We washed it down tonight with a local specialty, Neuer Wein.  We were driving back to Neustadt today and saw a few stands on the side of the road with “Neuer Wein” signs on the road. Its like an Iowa sweet corn stand except with less corn and more wine.  I stopped in one and asked the lady manning the station what exactly Neuer Wein (“new wine”) was.   I understand about 20% of the German I hear, but gathered from her it was the early fruits of this years grape harvest – grape juice just before or, if you like,  just after it has begun to ferment.  We picked up two varieties, one that was just grape juice (ok for the kids) and the other that had already begun to ferment for Mom and Dad.   And the nice things is you can use the jugs for your lawn mower later. So we’ve got that going for us.     The thing is, I don’t think most Germans sit around eating flammkuchen and drinking wine all night long, and neither can we…so after a month here of a diet that would make Man v. Food’s Adam Richman blush, we both recognize we need to figure out how to start  eating  healthy.  Some of our favorite staples are hard to find here (I had to work hard to find some sweet potatoes – found exactly four of them at the down town farmers market last Saturday –  and we still haven’t spotted a butternut squash). But in general the fresh fruits and vegetables and lean meats fare is excellent.  And although its been nice to take a few weeks off from the exercise regimen,tomorrow I think its going to be time to for me to welcome back the workouts with about a 150 wall balls. Thats when I’ll realize how bad 4-5 weeks without regular exercise can really hurt.

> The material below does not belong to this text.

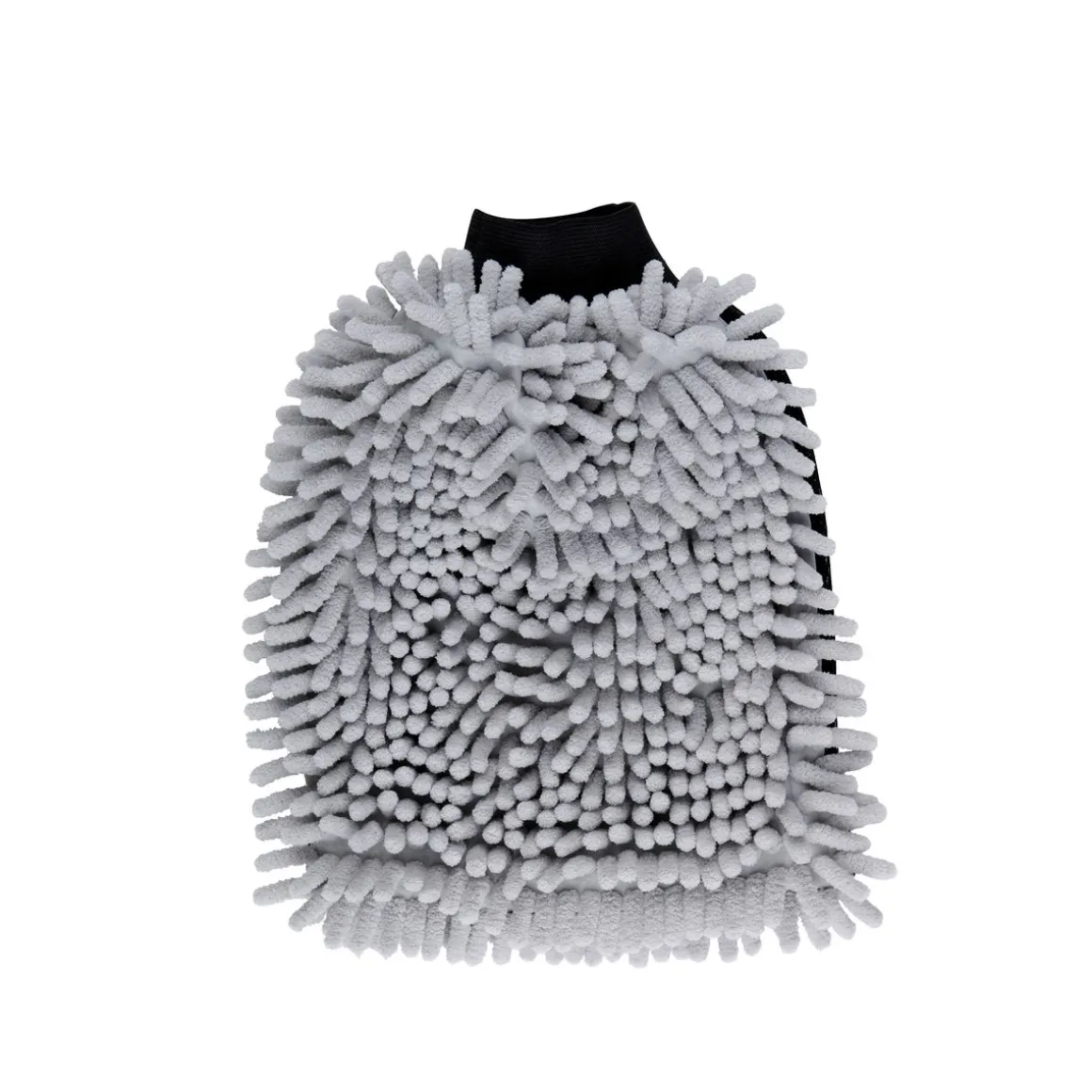 Waschhandschuh Mikrofaser 2-in-1 grau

Its like the RAGBRAI of Germany just broke out in front of our house, sorta.


By no planning of our own we came to live on the Deutsch Weinstraße (German Wine Route). We didn’t even know there was a Deutsch Weinstraße when we found this house, but it turns out this Weinstraße thing is a pretty big deal.  The Weinstraße runs north and south through Germany and is dotted by small and medium sized cities and hamlets alike that are a big tourist attraction for all of the scenery, castles, restraunts, and of course wineries.

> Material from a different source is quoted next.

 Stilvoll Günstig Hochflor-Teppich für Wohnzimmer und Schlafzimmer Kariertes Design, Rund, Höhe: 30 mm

When I say  “we live on the Weinstraße”, I don’t mean it in the sense that we live in a town that the Weinstraße runs through (although we do, the name of our town is Neusadt an der Weinstraße, and that by itself is a privilege). What I mean specifically is that street outside our door is the actual Weinstraße. Our street address is Weinstraße 35, our neighbors are a wineries….We live on the Weinstraße.   Most days out of the year it seems like the Weinstraße is just like any other street, cars, bikes, walkers, etc.  But what we’re learning is that the Weinstraße and the towns along it frequently host festivals & events centered around the wine culture. 

I learned about one just last week was visiting our neighbors (Hans and Eva Nickel, Weingut Kaiserstuhl).   They were mentioning all of the parties and festivals throughout the year, especially one coming up the next week.  I was having a hard time keeping up with the conversation in German but I caught one part that stood out. “Did you say kein auto? No cars allowed on the street?”.  Yup, 85km of the street closed all day for Erlebnistag Deutsche Weinstraße.  No exit, no entry, except by foot or bike.  Its like a mini RAGBRAI except they have wine and cheese instead of Bud Light and hotdogs.

Weinstraßse at noon today

On an average day.

The picture on the left is our street, I took for our movers last week. This is our street on a “normal” day. The  picture on the right is our street this afternoon. What you can’t see in the picture is the live music, smell of flammkuchen and wurst and associated jubilee.